Task description —
Please transcribe the records precisely; pictures stay out of your copy.
+++ The data +++
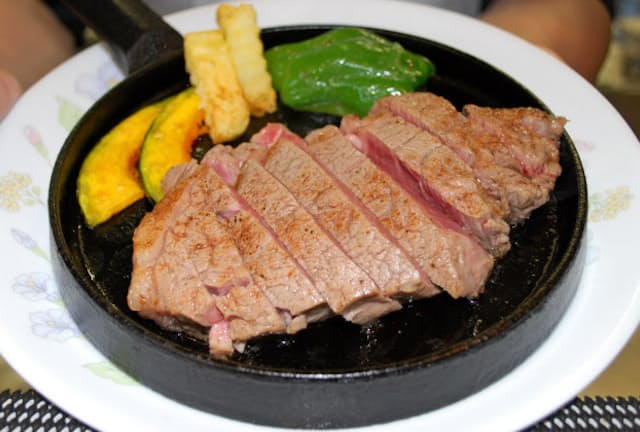 はこだて和牛は赤身肉のうまみが特長だ。ステーキは食感が柔らかい（函館市のお肉のつしま）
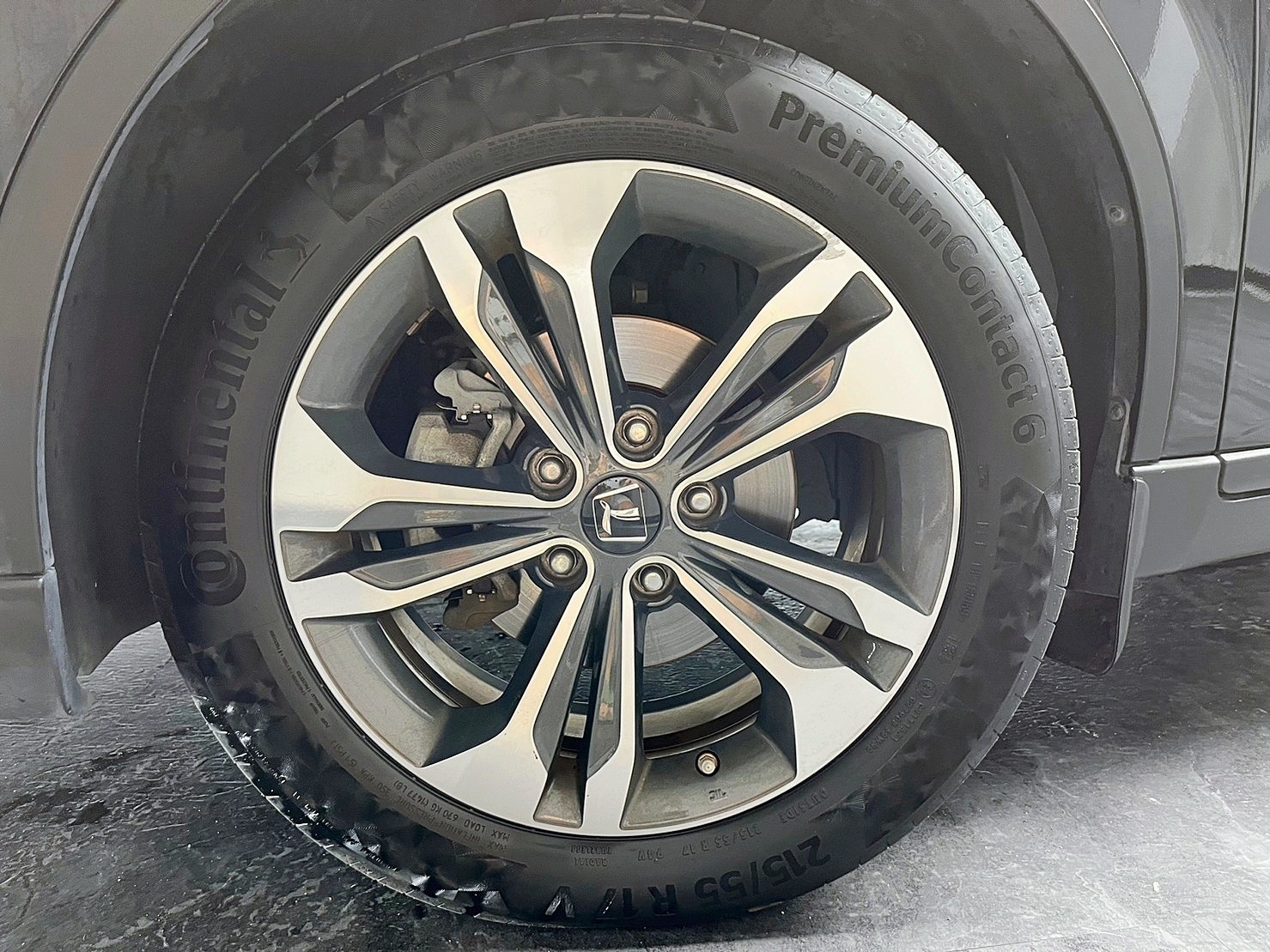 低里程 2016/17 Luxgen U6 Turbo ECO Hyper 經典型『小李經理』元禾國際車業/特價中/一鍵就到  第13張相片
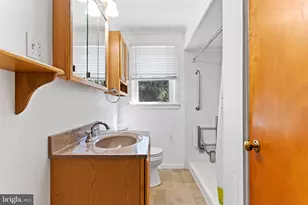 736 Chambers St, Harrisburg, PA 17113 - Photo 15
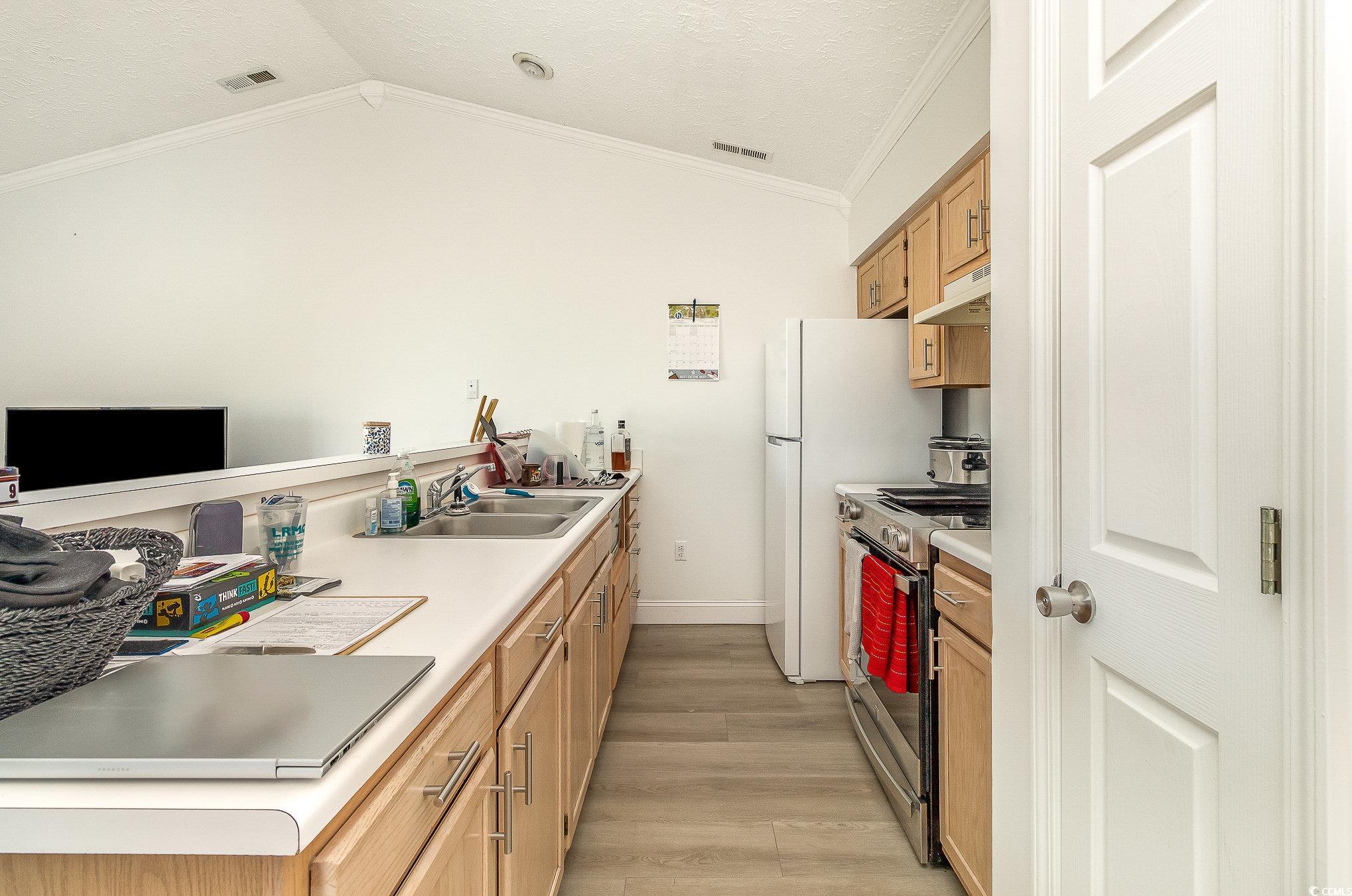 597 Blue River Ct. Property Photo 8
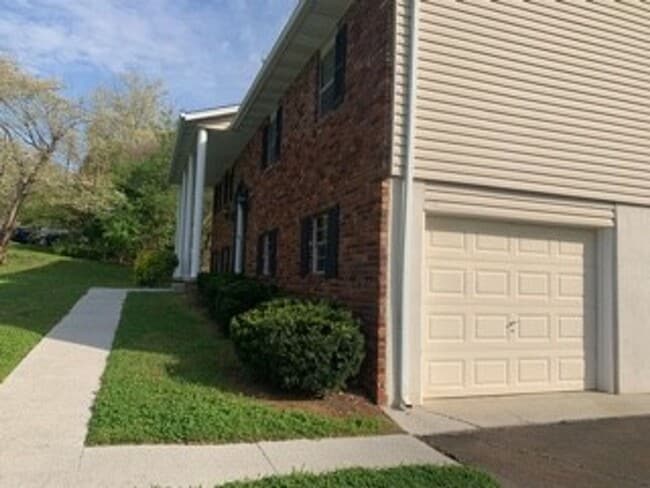 Building Photo - Knoxville, Split-level Home with 4 Bedroom...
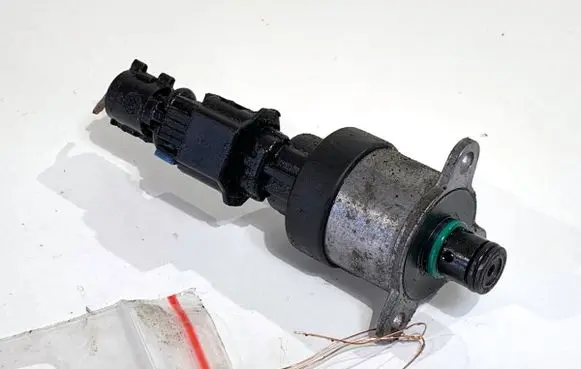 Opel Astra H Fuel pressure regulator 0928400654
+++
Result —
 はこだて和牛は赤身肉のうまみが特長だ。ステーキは食感が柔らかい（函館市のお肉のつしま）
 低里程 2016/17 Luxgen U6 Turbo ECO Hyper 經典型『小李經理』元禾國際車業/特價中/一鍵就到  第13張相片
 736 Chambers St, Harrisburg, PA 17113 - Photo 15
 597 Blue River Ct. Property Photo 8
 Building Photo - Knoxville, Split-level Home with 4 Bedroom...
 Opel Astra H Fuel pressure regulator 0928400654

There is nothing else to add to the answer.